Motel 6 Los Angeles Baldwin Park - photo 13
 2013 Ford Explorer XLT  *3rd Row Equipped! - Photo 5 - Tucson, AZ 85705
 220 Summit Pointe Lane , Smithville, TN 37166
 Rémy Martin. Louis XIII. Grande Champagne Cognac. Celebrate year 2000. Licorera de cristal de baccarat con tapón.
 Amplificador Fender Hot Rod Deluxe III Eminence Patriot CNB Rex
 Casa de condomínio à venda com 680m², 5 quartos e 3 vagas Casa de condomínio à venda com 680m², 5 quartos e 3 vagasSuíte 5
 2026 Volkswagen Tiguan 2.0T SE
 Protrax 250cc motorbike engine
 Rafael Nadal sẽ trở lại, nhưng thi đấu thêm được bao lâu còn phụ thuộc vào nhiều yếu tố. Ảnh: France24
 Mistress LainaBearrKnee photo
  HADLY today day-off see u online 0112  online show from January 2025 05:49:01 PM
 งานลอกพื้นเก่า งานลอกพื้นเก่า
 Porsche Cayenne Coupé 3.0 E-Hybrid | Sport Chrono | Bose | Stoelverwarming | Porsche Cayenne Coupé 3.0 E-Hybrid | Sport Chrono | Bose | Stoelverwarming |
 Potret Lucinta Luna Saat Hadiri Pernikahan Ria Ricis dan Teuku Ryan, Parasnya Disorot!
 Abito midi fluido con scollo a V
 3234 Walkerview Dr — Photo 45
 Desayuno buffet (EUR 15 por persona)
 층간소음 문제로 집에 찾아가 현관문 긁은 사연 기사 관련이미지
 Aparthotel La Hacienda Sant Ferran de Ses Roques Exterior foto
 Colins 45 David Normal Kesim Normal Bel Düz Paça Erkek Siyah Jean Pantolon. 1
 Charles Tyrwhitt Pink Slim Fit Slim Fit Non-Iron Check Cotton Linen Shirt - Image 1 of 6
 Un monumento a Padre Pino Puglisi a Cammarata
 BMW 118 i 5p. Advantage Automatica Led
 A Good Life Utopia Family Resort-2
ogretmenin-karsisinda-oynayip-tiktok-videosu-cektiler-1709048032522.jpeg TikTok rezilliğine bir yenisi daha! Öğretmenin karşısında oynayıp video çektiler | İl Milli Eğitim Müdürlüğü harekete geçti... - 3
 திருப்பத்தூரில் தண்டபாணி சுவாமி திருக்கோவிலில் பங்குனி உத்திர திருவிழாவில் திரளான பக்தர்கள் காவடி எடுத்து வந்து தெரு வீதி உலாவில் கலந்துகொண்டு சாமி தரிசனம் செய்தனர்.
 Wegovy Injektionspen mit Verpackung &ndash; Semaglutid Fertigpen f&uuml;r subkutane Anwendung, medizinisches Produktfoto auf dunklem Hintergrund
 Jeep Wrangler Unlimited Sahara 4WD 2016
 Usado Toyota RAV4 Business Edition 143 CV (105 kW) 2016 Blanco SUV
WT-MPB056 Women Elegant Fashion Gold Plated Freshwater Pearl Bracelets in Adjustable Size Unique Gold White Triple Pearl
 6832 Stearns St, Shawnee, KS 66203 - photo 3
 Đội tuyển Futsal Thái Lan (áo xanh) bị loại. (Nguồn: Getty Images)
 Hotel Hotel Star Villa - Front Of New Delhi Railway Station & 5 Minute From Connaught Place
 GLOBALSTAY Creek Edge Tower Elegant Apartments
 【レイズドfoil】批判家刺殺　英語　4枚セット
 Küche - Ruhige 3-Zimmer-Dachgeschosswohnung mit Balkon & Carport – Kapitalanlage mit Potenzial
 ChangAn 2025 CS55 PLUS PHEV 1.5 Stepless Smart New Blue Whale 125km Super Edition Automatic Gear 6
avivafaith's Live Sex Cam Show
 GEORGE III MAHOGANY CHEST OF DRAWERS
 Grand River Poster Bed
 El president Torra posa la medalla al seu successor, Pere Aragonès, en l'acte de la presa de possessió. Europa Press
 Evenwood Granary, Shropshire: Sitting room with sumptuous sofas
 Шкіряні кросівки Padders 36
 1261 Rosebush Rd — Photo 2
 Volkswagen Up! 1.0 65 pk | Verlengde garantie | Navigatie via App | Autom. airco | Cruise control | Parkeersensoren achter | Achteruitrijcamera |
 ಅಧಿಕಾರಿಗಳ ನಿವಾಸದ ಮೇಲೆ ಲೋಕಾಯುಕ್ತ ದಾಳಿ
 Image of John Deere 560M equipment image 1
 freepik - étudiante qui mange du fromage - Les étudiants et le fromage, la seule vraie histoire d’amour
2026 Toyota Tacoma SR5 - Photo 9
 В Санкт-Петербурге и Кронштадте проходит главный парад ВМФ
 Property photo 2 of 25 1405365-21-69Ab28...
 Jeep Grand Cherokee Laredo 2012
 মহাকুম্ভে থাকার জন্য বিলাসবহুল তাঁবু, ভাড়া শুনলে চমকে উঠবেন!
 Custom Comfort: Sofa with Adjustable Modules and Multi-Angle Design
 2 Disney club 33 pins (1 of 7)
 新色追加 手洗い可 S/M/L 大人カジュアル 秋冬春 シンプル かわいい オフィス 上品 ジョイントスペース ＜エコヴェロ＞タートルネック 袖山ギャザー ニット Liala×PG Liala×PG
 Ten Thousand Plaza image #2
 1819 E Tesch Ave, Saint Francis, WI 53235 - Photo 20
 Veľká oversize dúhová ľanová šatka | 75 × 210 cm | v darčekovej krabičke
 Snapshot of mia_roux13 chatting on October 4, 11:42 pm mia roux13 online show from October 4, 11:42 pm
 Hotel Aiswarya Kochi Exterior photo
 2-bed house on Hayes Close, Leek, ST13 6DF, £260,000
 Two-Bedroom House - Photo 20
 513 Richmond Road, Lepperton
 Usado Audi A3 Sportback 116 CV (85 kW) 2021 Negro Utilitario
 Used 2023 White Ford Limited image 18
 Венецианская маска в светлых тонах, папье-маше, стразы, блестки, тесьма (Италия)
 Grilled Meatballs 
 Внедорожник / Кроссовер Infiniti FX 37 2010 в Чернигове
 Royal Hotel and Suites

Exercise = Each entry is to be given again, exactly as it stands.

Solved problem =
Motel 6 Los Angeles Baldwin Park - photo 13
 2013 Ford Explorer XLT  *3rd Row Equipped! - Photo 5 - Tucson, AZ 85705
 220 Summit Pointe Lane , Smithville, TN 37166
 Rémy Martin. Louis XIII. Grande Champagne Cognac. Celebrate year 2000. Licorera de cristal de baccarat con tapón.
 Amplificador Fender Hot Rod Deluxe III Eminence Patriot CNB Rex
 Casa de condomínio à venda com 680m², 5 quartos e 3 vagas Casa de condomínio à venda com 680m², 5 quartos e 3 vagasSuíte 5
 2026 Volkswagen Tiguan 2.0T SE
 Protrax 250cc motorbike engine
 Rafael Nadal sẽ trở lại, nhưng thi đấu thêm được bao lâu còn phụ thuộc vào nhiều yếu tố. Ảnh: France24
 Mistress LainaBearrKnee photo
  HADLY today day-off see u online 0112  online show from January 2025 05:49:01 PM
 งานลอกพื้นเก่า งานลอกพื้นเก่า
 Porsche Cayenne Coupé 3.0 E-Hybrid | Sport Chrono | Bose | Stoelverwarming | Porsche Cayenne Coupé 3.0 E-Hybrid | Sport Chrono | Bose | Stoelverwarming |
 Potret Lucinta Luna Saat Hadiri Pernikahan Ria Ricis dan Teuku Ryan, Parasnya Disorot!
 Abito midi fluido con scollo a V
 3234 Walkerview Dr — Photo 45
 Desayuno buffet (EUR 15 por persona)
 층간소음 문제로 집에 찾아가 현관문 긁은 사연 기사 관련이미지
 Aparthotel La Hacienda Sant Ferran de Ses Roques Exterior foto
 Colins 45 David Normal Kesim Normal Bel Düz Paça Erkek Siyah Jean Pantolon. 1
 Charles Tyrwhitt Pink Slim Fit Slim Fit Non-Iron Check Cotton Linen Shirt - Image 1 of 6
 Un monumento a Padre Pino Puglisi a Cammarata
 BMW 118 i 5p. Advantage Automatica Led
 A Good Life Utopia Family Resort-2
ogretmenin-karsisinda-oynayip-tiktok-videosu-cektiler-1709048032522.jpeg TikTok rezilliğine bir yenisi daha! Öğretmenin karşısında oynayıp video çektiler | İl Milli Eğitim Müdürlüğü harekete geçti... - 3
 திருப்பத்தூரில் தண்டபாணி சுவாமி திருக்கோவிலில் பங்குனி உத்திர திருவிழாவில் திரளான பக்தர்கள் காவடி எடுத்து வந்து தெரு வீதி உலாவில் கலந்துகொண்டு சாமி தரிசனம் செய்தனர்.
 Wegovy Injektionspen mit Verpackung &ndash; Semaglutid Fertigpen f&uuml;r subkutane Anwendung, medizinisches Produktfoto auf dunklem Hintergrund
 Jeep Wrangler Unlimited Sahara 4WD 2016
 Usado Toyota RAV4 Business Edition 143 CV (105 kW) 2016 Blanco SUV
WT-MPB056 Women Elegant Fashion Gold Plated Freshwater Pearl Bracelets in Adjustable Size Unique Gold White Triple Pearl
 6832 Stearns St, Shawnee, KS 66203 - photo 3
 Đội tuyển Futsal Thái Lan (áo xanh) bị loại. (Nguồn: Getty Images)
 Hotel Hotel Star Villa - Front Of New Delhi Railway Station & 5 Minute From Connaught Place
 GLOBALSTAY Creek Edge Tower Elegant Apartments
 【レイズドfoil】批判家刺殺　英語　4枚セット
 Küche - Ruhige 3-Zimmer-Dachgeschosswohnung mit Balkon & Carport – Kapitalanlage mit Potenzial
 ChangAn 2025 CS55 PLUS PHEV 1.5 Stepless Smart New Blue Whale 125km Super Edition Automatic Gear 6
avivafaith's Live Sex Cam Show
 GEORGE III MAHOGANY CHEST OF DRAWERS
 Grand River Poster Bed
 El president Torra posa la medalla al seu successor, Pere Aragonès, en l'acte de la presa de possessió. Europa Press
 Evenwood Granary, Shropshire: Sitting room with sumptuous sofas
 Шкіряні кросівки Padders 36
 1261 Rosebush Rd — Photo 2
 Volkswagen Up! 1.0 65 pk | Verlengde garantie | Navigatie via App | Autom. airco | Cruise control | Parkeersensoren achter | Achteruitrijcamera |
 ಅಧಿಕಾರಿಗಳ ನಿವಾಸದ ಮೇಲೆ ಲೋಕಾಯುಕ್ತ ದಾಳಿ
 Image of John Deere 560M equipment image 1
 freepik - étudiante qui mange du fromage - Les étudiants et le fromage, la seule vraie histoire d’amour
2026 Toyota Tacoma SR5 - Photo 9
 В Санкт-Петербурге и Кронштадте проходит главный парад ВМФ
 Property photo 2 of 25 1405365-21-69Ab28...
 Jeep Grand Cherokee Laredo 2012
 মহাকুম্ভে থাকার জন্য বিলাসবহুল তাঁবু, ভাড়া শুনলে চমকে উঠবেন!
 Custom Comfort: Sofa with Adjustable Modules and Multi-Angle Design
 2 Disney club 33 pins (1 of 7)
 新色追加 手洗い可 S/M/L 大人カジュアル 秋冬春 シンプル かわいい オフィス 上品 ジョイントスペース ＜エコヴェロ＞タートルネック 袖山ギャザー ニット Liala×PG Liala×PG
 Ten Thousand Plaza image #2
 1819 E Tesch Ave, Saint Francis, WI 53235 - Photo 20
 Veľká oversize dúhová ľanová šatka | 75 × 210 cm | v darčekovej krabičke
 Snapshot of mia_roux13 chatting on October 4, 11:42 pm mia roux13 online show from October 4, 11:42 pm
 Hotel Aiswarya Kochi Exterior photo
 2-bed house on Hayes Close, Leek, ST13 6DF, £260,000
 Two-Bedroom House - Photo 20
 513 Richmond Road, Lepperton
 Usado Audi A3 Sportback 116 CV (85 kW) 2021 Negro Utilitario
 Used 2023 White Ford Limited image 18
 Венецианская маска в светлых тонах, папье-маше, стразы, блестки, тесьма (Италия)
 Grilled Meatballs 
 Внедорожник / Кроссовер Infiniti FX 37 2010 в Чернигове
 Royal Hotel and Suites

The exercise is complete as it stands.